Ducking the Question

Everyone has heard of the ducking stool, used in the good old days to inflict a particularly humiliating form of punishment on wrongdoers.

In Heptonstall, however, folk did things differently and there a device named the cucking stool served as the instrument of torture.

Evidence for this is provided in the Constable’s Accounts for February 23 1717 which list: "Pd to William Cockroft for a Poulle (pulley) for ye Cuckstool….8d.’’

Many claimed that ducking and cucking stools were one and the same thing, pointing to references from all over the country of people being placed in the cucking stool and ducked in water.

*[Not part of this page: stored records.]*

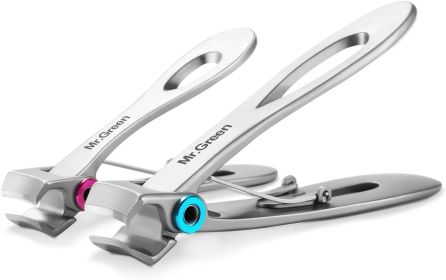 Nail Clippers, Ultra Wide Jaw Opening Toenail Clipper for Thick Nails Heavy Duty Stainless Steel Fingernail Clippers for Seniors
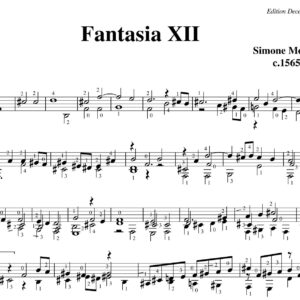 Molinaro Fantasia XII in e minor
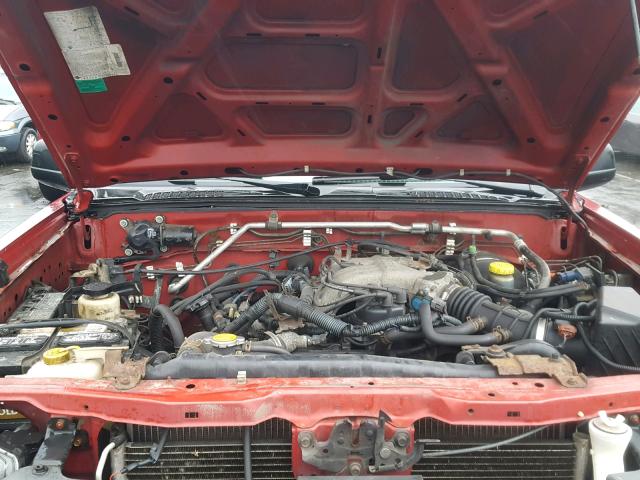 1N6ED27Y02C360434 - 2002 NISSAN FRONTIER C RED photo 7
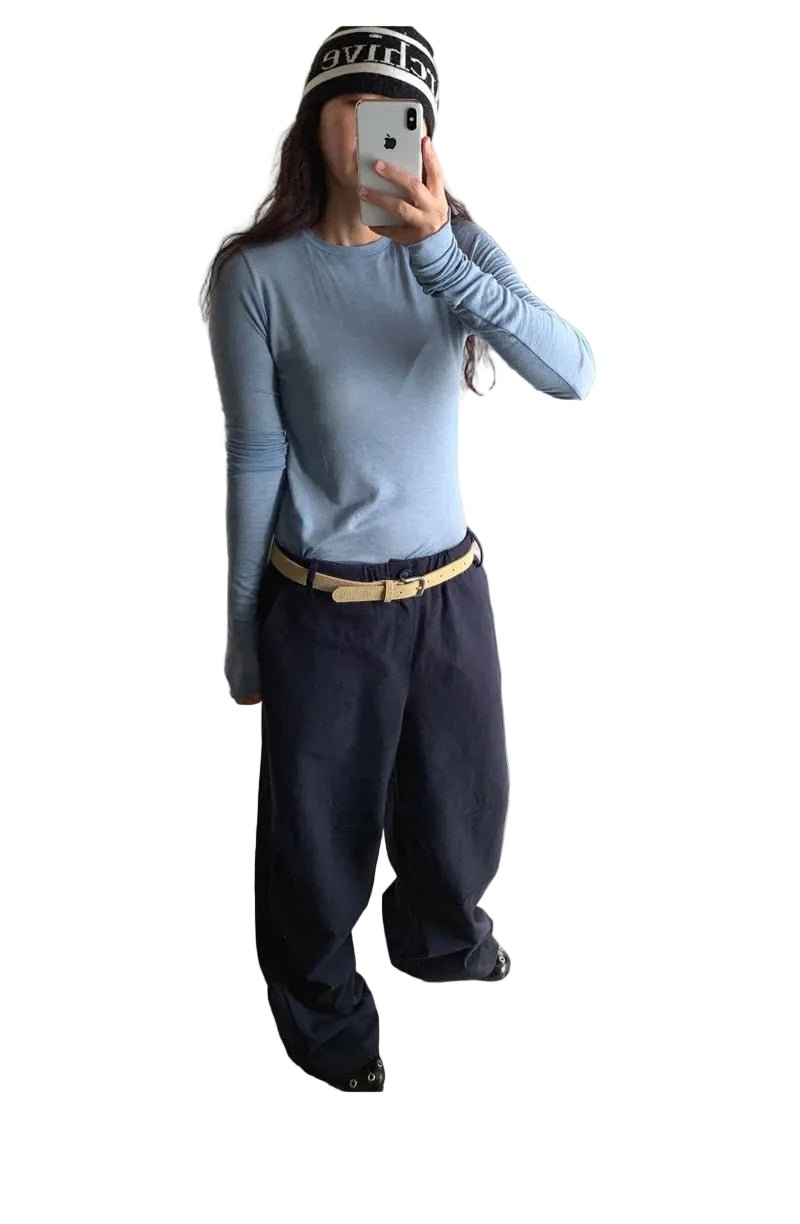 Clever Alice Merino Wool Long Sleeve Tee - clever alice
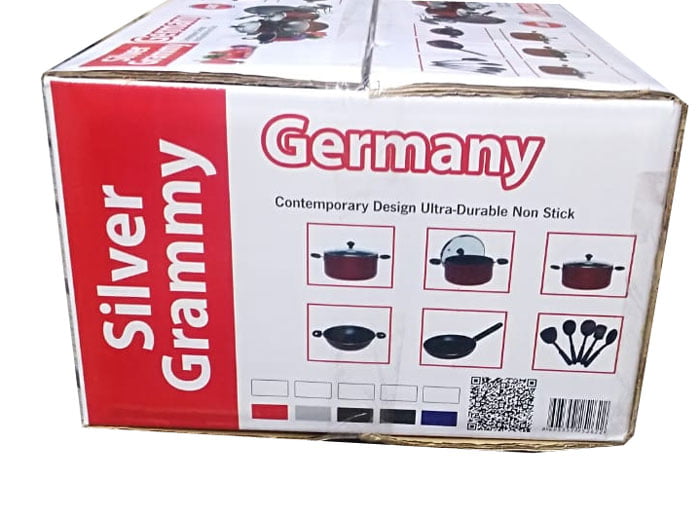 Silver Grammy Non-Stick Set 16 Pcs Set 5 Silver Grammy Non-Stick Set 16 Pcs Set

But other authorities argued that there were distinct differences between the two.

According to an account originating in Leicester in 1467 the cucking stool was a chair in which the culprit was fastened and then suspended aloft by means of a pulley.

This machine was sometimes placed in front of the culprit’s door and other times mounted on wheels and trundled through the streets, where he or she was exposed to the derision of the townsfolk.

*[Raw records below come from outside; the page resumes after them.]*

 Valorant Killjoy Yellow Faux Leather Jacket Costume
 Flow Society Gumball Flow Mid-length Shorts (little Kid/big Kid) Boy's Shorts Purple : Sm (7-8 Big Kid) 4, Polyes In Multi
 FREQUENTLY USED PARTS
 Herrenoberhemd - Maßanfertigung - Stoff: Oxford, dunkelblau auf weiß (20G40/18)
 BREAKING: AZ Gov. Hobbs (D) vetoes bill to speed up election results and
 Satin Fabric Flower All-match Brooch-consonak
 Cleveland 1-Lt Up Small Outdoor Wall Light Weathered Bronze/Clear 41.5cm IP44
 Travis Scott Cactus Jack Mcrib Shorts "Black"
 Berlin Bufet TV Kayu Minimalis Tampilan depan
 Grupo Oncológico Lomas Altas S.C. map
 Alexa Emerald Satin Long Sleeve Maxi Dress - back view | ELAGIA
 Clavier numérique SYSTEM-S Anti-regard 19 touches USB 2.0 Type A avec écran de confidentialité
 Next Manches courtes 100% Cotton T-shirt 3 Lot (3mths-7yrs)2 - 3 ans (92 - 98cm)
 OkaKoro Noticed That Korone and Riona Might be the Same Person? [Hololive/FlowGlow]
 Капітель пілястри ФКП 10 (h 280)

In some cases the wrongdoer was stripped naked beforehand and in the worst-case scenario, the seat was entirely absent making the punishment even more painful.

No record survives of who suffered the cucking stool in Heptonstall but the Constable’s Account gives detailed instructions as to the construction and maintenance of the device — and it’s hardly likely the good townsfolk would have gone to all that trouble and expense only to allow it to lie idle!